> The problem
Output the lines below from the one containing "Free People Gray" through the end of the listing, inclusive, exactly as they appear, and nothing further.

::::

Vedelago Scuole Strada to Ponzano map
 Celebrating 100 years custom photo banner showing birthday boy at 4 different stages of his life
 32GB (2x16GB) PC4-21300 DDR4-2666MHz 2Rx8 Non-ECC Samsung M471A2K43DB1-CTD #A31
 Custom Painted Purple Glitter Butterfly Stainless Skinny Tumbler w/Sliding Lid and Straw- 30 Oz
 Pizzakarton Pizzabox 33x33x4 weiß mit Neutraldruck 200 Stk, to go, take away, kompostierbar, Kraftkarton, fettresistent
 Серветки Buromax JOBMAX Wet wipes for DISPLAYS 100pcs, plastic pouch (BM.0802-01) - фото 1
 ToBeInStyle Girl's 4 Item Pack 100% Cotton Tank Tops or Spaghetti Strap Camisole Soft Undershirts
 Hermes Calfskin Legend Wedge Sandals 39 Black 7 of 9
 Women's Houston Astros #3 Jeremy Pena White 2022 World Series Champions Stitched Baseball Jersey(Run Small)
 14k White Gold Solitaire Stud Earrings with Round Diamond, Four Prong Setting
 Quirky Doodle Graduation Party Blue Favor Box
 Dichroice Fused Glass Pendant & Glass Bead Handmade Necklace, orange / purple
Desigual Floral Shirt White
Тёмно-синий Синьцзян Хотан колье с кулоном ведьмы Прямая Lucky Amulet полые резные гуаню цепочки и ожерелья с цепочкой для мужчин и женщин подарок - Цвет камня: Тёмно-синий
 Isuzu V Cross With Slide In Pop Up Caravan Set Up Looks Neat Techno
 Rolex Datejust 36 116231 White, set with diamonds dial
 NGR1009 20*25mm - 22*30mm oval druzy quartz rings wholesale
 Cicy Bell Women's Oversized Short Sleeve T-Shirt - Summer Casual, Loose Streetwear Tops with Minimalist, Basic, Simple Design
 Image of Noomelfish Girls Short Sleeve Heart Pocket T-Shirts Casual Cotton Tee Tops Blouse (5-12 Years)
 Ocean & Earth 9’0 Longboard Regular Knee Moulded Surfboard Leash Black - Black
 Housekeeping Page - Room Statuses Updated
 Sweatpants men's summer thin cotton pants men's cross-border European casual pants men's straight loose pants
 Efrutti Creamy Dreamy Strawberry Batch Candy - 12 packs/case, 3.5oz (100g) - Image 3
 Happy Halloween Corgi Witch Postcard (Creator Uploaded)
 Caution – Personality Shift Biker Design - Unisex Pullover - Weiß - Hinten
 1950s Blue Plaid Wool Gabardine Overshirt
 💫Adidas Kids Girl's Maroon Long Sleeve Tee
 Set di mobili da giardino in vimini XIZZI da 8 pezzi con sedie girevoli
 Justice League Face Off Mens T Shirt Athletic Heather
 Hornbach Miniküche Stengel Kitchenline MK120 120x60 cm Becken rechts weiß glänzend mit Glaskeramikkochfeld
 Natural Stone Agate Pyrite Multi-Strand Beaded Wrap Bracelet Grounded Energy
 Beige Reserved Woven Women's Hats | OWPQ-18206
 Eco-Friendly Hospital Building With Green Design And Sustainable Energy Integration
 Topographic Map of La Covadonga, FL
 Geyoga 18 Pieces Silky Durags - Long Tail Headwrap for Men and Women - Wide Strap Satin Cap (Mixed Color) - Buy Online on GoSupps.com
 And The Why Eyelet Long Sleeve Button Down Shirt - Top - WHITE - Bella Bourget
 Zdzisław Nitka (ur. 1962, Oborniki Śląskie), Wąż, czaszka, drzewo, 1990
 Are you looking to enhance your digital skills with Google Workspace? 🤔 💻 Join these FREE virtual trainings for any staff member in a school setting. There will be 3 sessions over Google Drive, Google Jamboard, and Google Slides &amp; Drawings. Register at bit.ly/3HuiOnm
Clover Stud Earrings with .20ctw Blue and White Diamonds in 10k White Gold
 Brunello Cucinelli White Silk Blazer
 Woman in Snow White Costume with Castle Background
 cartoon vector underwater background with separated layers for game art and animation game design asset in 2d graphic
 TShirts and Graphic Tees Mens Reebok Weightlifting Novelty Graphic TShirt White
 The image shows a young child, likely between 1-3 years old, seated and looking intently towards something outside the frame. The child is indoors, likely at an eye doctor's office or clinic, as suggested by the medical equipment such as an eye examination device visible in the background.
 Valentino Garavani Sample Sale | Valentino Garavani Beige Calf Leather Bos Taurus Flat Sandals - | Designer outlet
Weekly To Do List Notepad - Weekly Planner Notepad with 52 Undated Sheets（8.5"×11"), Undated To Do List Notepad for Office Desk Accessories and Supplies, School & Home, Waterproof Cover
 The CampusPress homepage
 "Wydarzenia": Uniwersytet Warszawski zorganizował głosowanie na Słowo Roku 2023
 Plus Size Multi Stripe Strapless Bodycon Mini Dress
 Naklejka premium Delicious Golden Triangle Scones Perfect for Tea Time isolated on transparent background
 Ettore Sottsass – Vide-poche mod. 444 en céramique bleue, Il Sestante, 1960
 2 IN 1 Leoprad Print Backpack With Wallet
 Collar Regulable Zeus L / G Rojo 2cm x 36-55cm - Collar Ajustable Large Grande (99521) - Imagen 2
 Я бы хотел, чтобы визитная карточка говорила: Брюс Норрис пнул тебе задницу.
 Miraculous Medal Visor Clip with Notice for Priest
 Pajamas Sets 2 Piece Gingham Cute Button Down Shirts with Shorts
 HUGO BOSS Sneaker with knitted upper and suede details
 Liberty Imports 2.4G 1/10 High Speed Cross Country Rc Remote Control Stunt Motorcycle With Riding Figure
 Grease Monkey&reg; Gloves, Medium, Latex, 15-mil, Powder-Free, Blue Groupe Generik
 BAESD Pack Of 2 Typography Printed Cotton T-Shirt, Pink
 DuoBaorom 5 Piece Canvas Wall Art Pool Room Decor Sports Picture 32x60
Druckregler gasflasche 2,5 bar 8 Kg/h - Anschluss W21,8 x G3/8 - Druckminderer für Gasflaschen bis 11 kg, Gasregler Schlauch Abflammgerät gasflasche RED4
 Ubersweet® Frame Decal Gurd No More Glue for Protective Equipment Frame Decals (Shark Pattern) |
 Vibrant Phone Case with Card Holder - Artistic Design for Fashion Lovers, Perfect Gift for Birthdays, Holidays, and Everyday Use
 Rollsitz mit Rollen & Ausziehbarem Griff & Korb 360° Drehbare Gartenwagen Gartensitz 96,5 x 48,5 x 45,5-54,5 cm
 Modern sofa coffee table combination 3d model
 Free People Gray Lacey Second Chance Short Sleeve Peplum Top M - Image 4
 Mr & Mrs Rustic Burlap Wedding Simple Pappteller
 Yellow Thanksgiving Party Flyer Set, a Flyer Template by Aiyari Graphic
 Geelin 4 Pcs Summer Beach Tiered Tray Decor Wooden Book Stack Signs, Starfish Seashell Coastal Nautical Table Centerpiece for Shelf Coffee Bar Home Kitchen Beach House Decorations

::::

> Response to the task
 Free People Gray Lacey Second Chance Short Sleeve Peplum Top M - Image 4
 Mr & Mrs Rustic Burlap Wedding Simple Pappteller
 Yellow Thanksgiving Party Flyer Set, a Flyer Template by Aiyari Graphic
 Geelin 4 Pcs Summer Beach Tiered Tray Decor Wooden Book Stack Signs, Starfish Seashell Coastal Nautical Table Centerpiece for Shelf Coffee Bar Home Kitchen Beach House Decorations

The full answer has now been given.